Instructions for the task →
Find, in the records below, the line that contains "Paul Harkin, director" and the line that contains "Smiling woman in". Copy those two lines and everything between them exactly, but not the pictures.

Provided data →
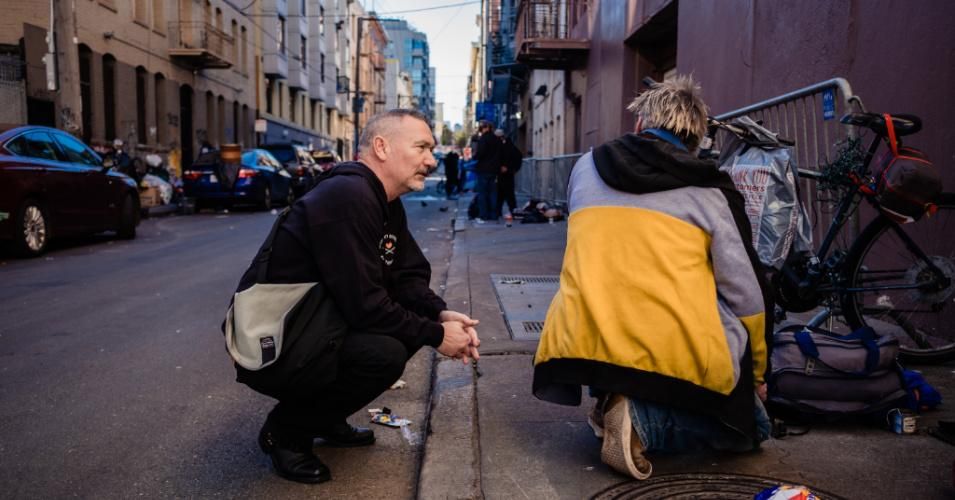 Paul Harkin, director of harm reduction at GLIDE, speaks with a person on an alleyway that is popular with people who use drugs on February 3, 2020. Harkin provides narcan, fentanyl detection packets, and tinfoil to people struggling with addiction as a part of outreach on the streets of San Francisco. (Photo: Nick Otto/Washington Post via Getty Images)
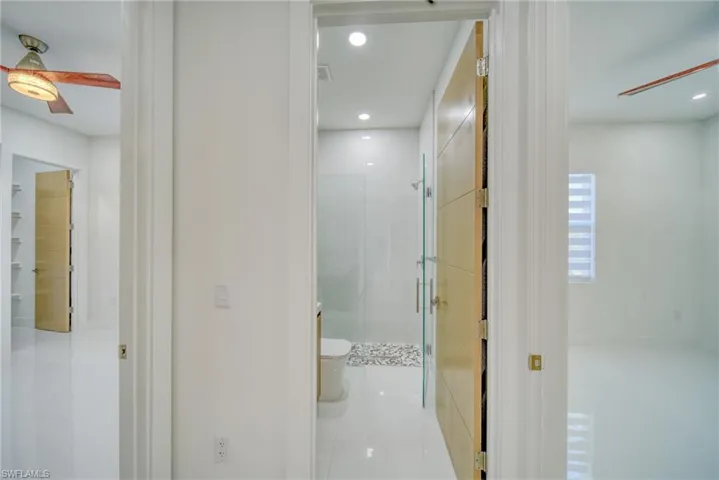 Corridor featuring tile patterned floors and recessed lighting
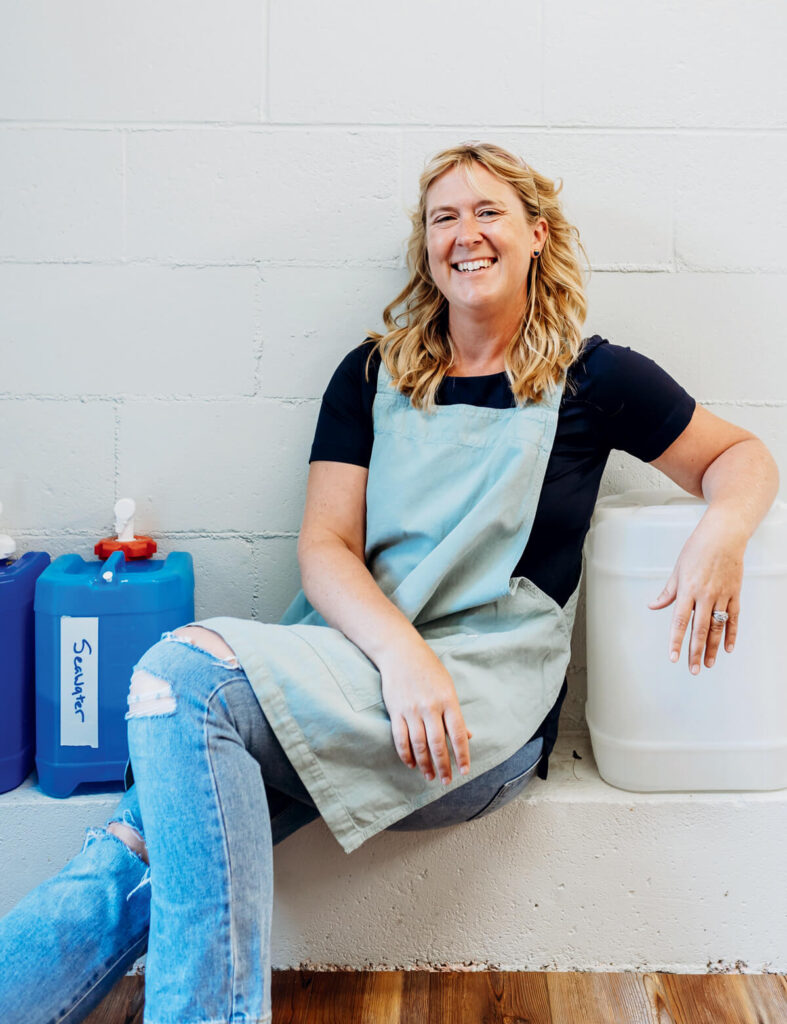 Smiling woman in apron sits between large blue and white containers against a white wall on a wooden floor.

...

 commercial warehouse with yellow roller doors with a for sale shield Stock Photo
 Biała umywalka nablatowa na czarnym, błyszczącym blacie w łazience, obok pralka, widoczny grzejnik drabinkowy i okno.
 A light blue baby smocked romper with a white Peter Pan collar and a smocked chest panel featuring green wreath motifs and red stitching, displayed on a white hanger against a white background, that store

Response below →
 Paul Harkin, director of harm reduction at GLIDE, speaks with a person on an alleyway that is popular with people who use drugs on February 3, 2020. Harkin provides narcan, fentanyl detection packets, and tinfoil to people struggling with addiction as a part of outreach on the streets of San Francisco. (Photo: Nick Otto/Washington Post via Getty Images)
 Corridor featuring tile patterned floors and recessed lighting
 Smiling woman in apron sits between large blue and white containers against a white wall on a wooden floor.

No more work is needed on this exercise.